Welcome to the modern vacation: gate-checked by remote work.
Thanks to flexible schedules and “work-from-anywhere” policies, we technically can work from anywhere — even while on vacation. And yet that freedom has become a trap. Why bother using PTO when you can save it and fire off emails from a New York hotel room or an Airbnb on a bachelorette weekend?
The result: We’re traveling more than ever, but actually vacationing less than before.

AleksandarNakic via Getty Images
Between lagging Wi-Fi, comped breakfast buffets with unanswered Slack threads, and the ever-present fear of looking unproductive, we’re realizing that something has to change. Welcome to 2026, the year we all start “deadzoning.”
What is ‘deadzoning’?
Despite catching flights, not feelings, we’re all exhausted, because we’re blending business and pleasure a little too seamlessly. We’re permanently switched on: curating the perfect Instagram carousel, tracking breaking news alerts, fielding a relentless stream of group chat messages. “Deadzoning” is the antidote, the art of switching off and traveling in intentional silence.
“Deadzoning reflects a broader cultural shift away from constant connectivity and burnout,” Christina Bennett, a consumer travel trends expert at Priceline, told HuffPost. “After years of being ‘always on,’ travellers are actively seeking vacations that allow them to fully disconnect — mentally and digitally.”
“It’s especially resonating with Gen Z and millennials, who are increasingly prioritising mental health and presence over productivity,” she continues. “In fact, more than a third say they wish devices could be banned entirely while on vacation. At its core, deadzoning is about reclaiming time, focus, and real rest by choosing trips to destinations that force you to unplug and reset.”
How can we start ‘deadzoning’?
As always, it’s easier said than done. We all want to put our phones away… and yet somehow end up clocking 14 hours of screen time a day. Are we even awake for that long in a day?

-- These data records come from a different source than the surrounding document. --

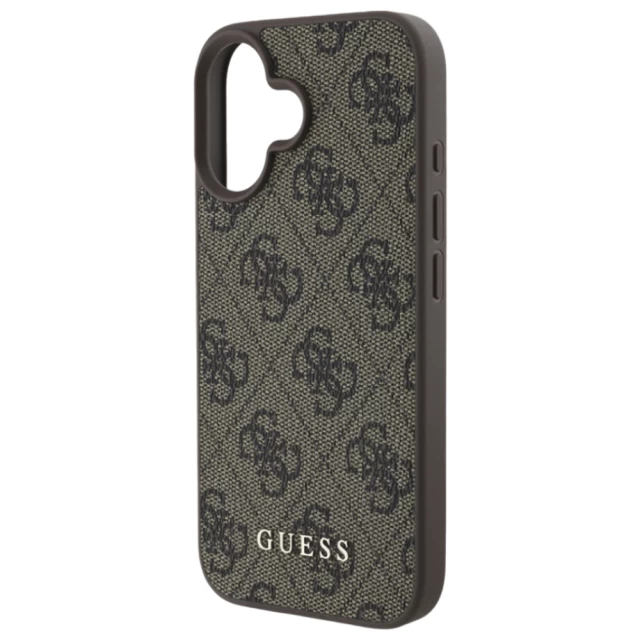 Чохол Guess 4G Metal Gold Logo для iPhone 16 Brown (GUHCP16SG4GFBR)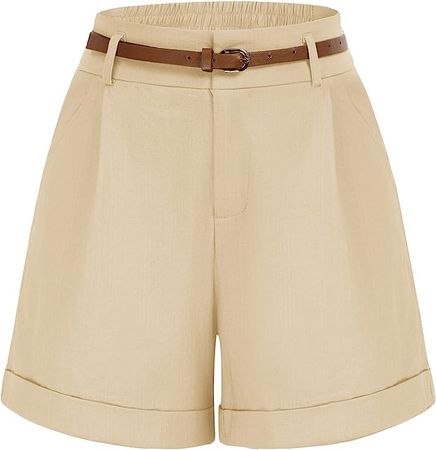 Women Bermuda Shorts High Waisted Wide Leg Shorts Comfy Shorts with Pockets (Apricot 325,S) at Amazon Women’s Clothing store
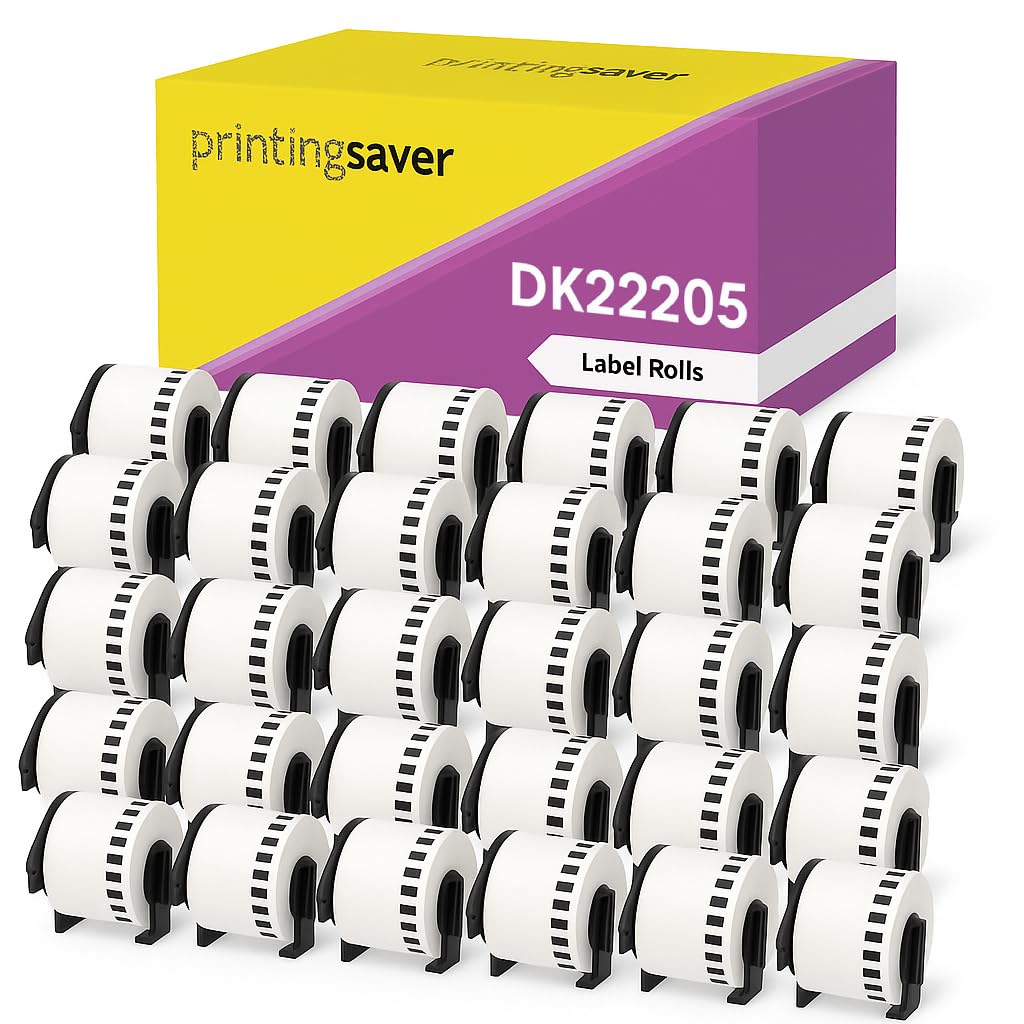 Printing Saver 30 DK-22205 Continuous White Address Labels Compatible with P-Touch QL-500 550 710W 720NW 810W 820NWB 1110NWB Brother Label Printers (62mm x 30.48m)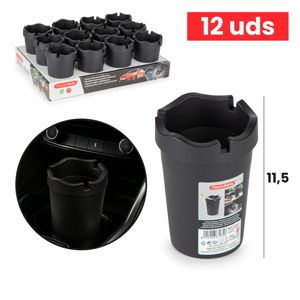 Posacenere PlasticForte Nero 11,5 Cm con Funzione Anti-Fumo per Auto e Casa - Product Image 1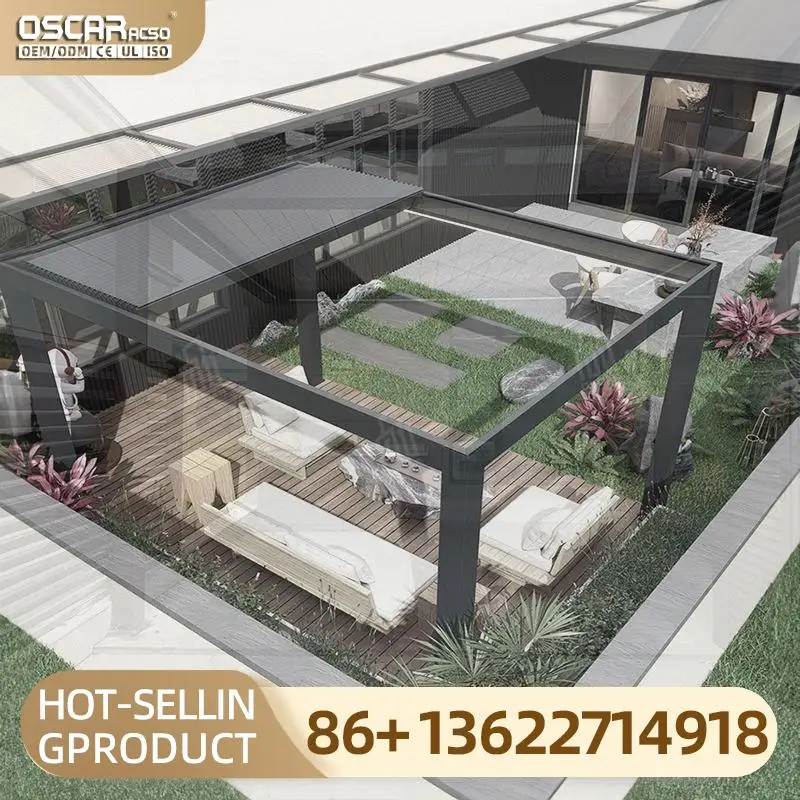 3X3M Outdoor All Year Aluminium Retractable Gazebo Waterproof for Garden Patio Beach pergola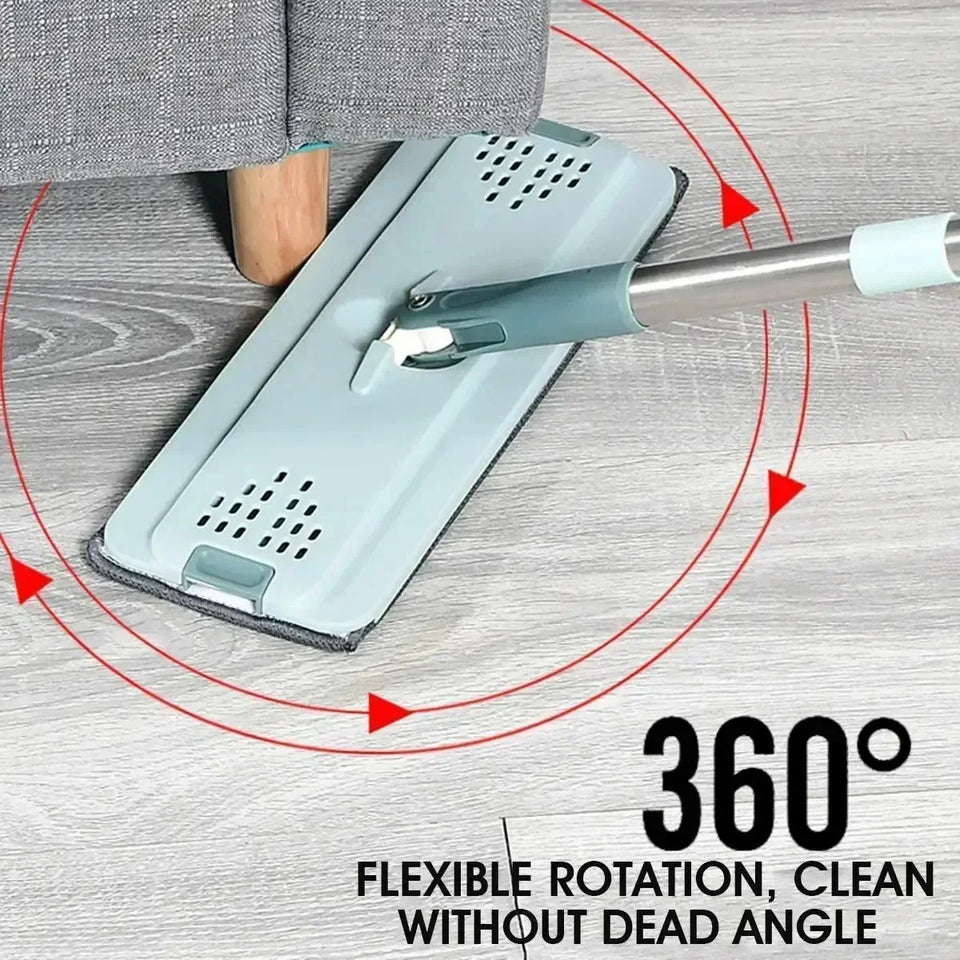 Mop sem riscos, esfregão plano lavável à mão, esfregão doméstico para piso de madeira, esfregão, esfregão plano preguiçoso, balde de esfregão giratório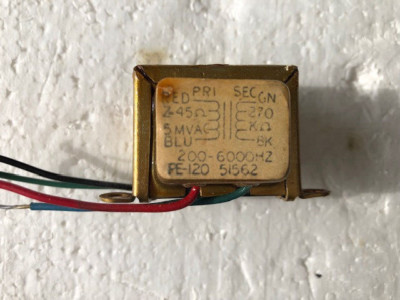 Transformer, CAT 200-6000HZ, FE-12051562, PRI Z-45 Ohm, 5 MVA, Sec 270 kOhm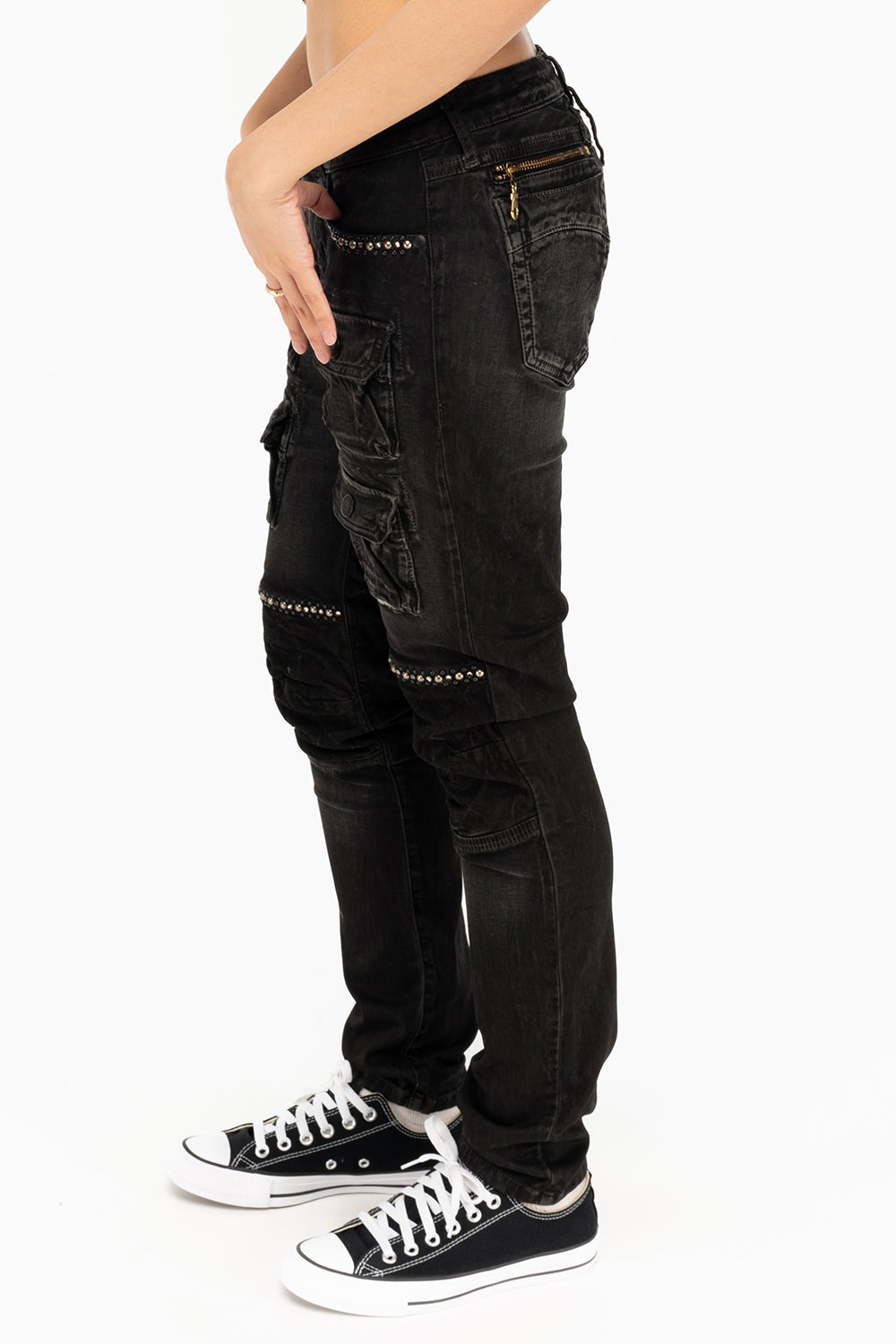 ROBIN'S MILITARY INSPIRED WOMEN'S SKINNY UTILITARIAN JEANS IN LA BLACK WITH STUDS AND CRYSTALS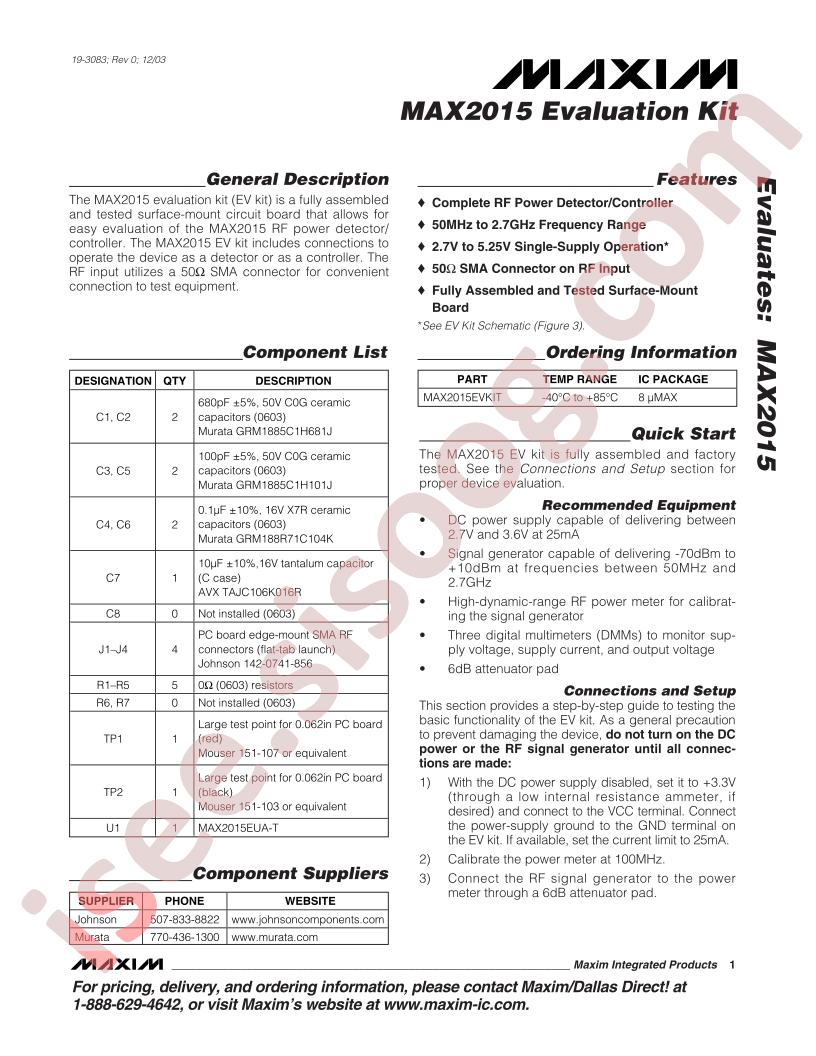 MAX2015 Eval Kit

My first real experience of “deadzoning” came post-breakup, as most breakthroughs do. I got dumped over text by someone who had recently told me he loved me (bold), and I felt the familiar urge to download every dating app going just to reaffirm my value. Instead, I booked a tiny cabin, borrowed my sister’s dog and disappeared off-grid.
I didn’t switch my phone off entirely — I was a single woman traveling alone, and my family was already convinced I was spiralling — but I did turn off the internet. The only thing I allowed myself was one daily text to my sister, confirming that her dog and I were very much alive. It was glorious. Within hours, the phantom urge to check my phone evaporated. No refreshing inboxes. No stalking his Instagram followers. Just trees, silence and a dog who couldn’t care less about my attachment issues.
“Travelers can set better work-life boundaries by being intentional before the trip starts,” Bennett said. “That includes setting a clear out-of-office message, delegating responsibilities in advance, and being upfront about limited availability. Destination choice matters, too — places like mountain towns, national park gateways, and quiet coastal escapes make it easier to step away from screens.”
Which trips are best for ‘deadzoning’?
Now, you don’t have to disappear to a tiny cabin with only a dog for company — though I highly recommend it. Entire businesses have been built around the art of switching off. One such brand is Unplugged, which specialises in off-grid cabin stays designed specifically for digital detoxing.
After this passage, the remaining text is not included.